Öğretmen B.T'ye tepkilerin gelmesi üzerine ilk açıklama Nusaybin Kaymakamlığı’ndan gelmiş, kaymakamlık önce öğretmeni savunmuş, tepkilerin ardından öğretmeni savunduğu açıklamasını kaldırmıştı. Tepkilerin büyümesi üzerine Kaymakamlık, “can güvenliği olmadığı” iddiasıyla öğretmeni başka bir okulda görevlendirdi. Eğitim ve Bilim Emekçileri Sendikası (Eğitim Sen) Mardin Şubesi ise, öğretmen hakkında “Irkçılık” ve “Halkı Kin ve Düşmanlığa Alenen Tahrik Etme” nedeniyle suç duyurusunda bulundu.
‘Manevi ıstırapla’ yapmış
Eğitim Sen tarafından yapılan suç duyurusu, takipsizlik ile sonuçlandı. Soruşturma evrakında B.T'nin savunmasına yer verildi. B.T., savunmasında söz konusu paylaşımı “duyduğu manevi ıstırapla” attığını iddia etti.
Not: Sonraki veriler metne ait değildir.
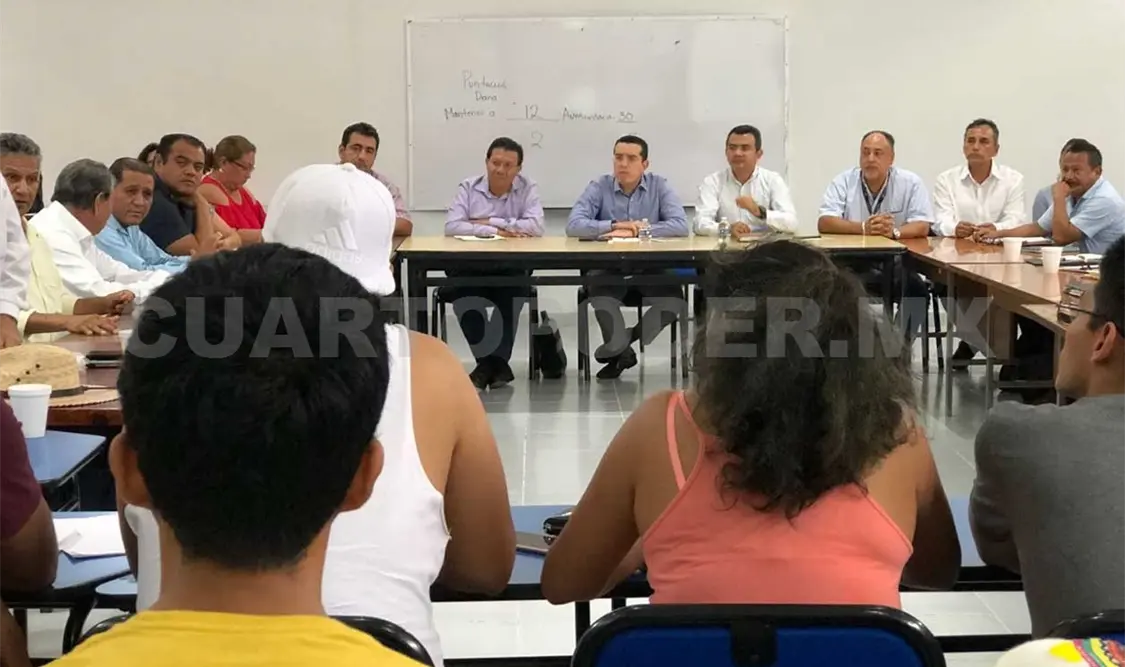 Se reúne Eduardo Campos con directores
B.T'nin ifadesine dair soruşturma evrakında şunlar yer aldı: “05.04.2021 dolmuşa bindiğinde arkasında oturan bir kadının dakikalarca yüksek sesle telefonla konuşmasını sürdürdüğü, yüksek sesle konuşmasından rahatsız olarak kadına ‘dolmuştayız bu kadar yüksek sesle ve uzun süre konuşmayın ben dahil herkes rahatsız oluyor’ dediğini, kadının kendisine Kürtçe ile cevap verdiğini, kadına kendisine Türkçe cevap verirse ona geri cevabını vereceğini söylediğini, fakat kendisi bu sefer gülerek ve yine Kürtçe cevap verdiğini, oturduğu yerden kalkarak arka koltuğa geçtiği, yaşadığı manevi çöküş ve bir anlık sinir ile tweeti attığını, bu tweeti atarken herhangi bir ideolojik düşünce, siyasi görüş, faşistlik veya ırkçılık düşüncesinin olmadığını, attığı tweet o anki duyduğu manevi ıstırapla şahsına anlamadığı bir dilde hakaret edildiğini düşündüğünü için attığını…”
Hayırsever öğretmen
B.T'nin ifadesinin devamında, görgü kuralları gereği insanların anlamadıkları bir dilde konuşulmasının doğru bir şey olmadığı belirtilerek, “Ev ziyaretleri sonucu maddi koşulları yeterli olmayan 7 kardeş olan bir öğrencisine kendisinin ve aracı olduğu başkaca kişiler tarafından yardımlarda bulunduğunu” ileri sürüldü. İfadesinde her ay düzenli yardımda bulunduğu öğrencilerin annesinin Türkçe bilmediği için kendisiyle hep Kürtçe konuştuğunu da söyleyen B.T., Kürtçe konuşulmasından da rahatsızlık duymadığı iddiasında bulundu.
Savcılık tehlike görmedi
Savcılık, takipsizlik kararı verdiği soruşturma ile ilgili öğretmenin ırkçı paylaşımının “halkı kin ve düşmanlığa tahrik etme” suçunu oluşturmadığını öne sürerek, şunları belirtti: “(…) failin fiili, adet ve şahıs olarak muayyen olmayan toplum kesimi üzerinde kin ve nefret duygularının oluşumuna veya mevcut duyguların pekişmesine etkide bulunması ve somut bir tehlikenin gerçekleşmesinin gerekmesine göre şüphelinin paylaşımın somut tehlike oluşturacak etkide ve ağırlıkta olmadığı, bu nedenle TCK'nın 216. maddesinde düzenlenen suçun unsurları itibariyle oluşmadığı.”
Eğitim sen itirazda bulundu
Eğitim Sen, B.T'nin “can güvenliği olmadığı” iddiasıyla başka bir okula gönderilmesi ve koruma altına alınmasına itirazda bulundu.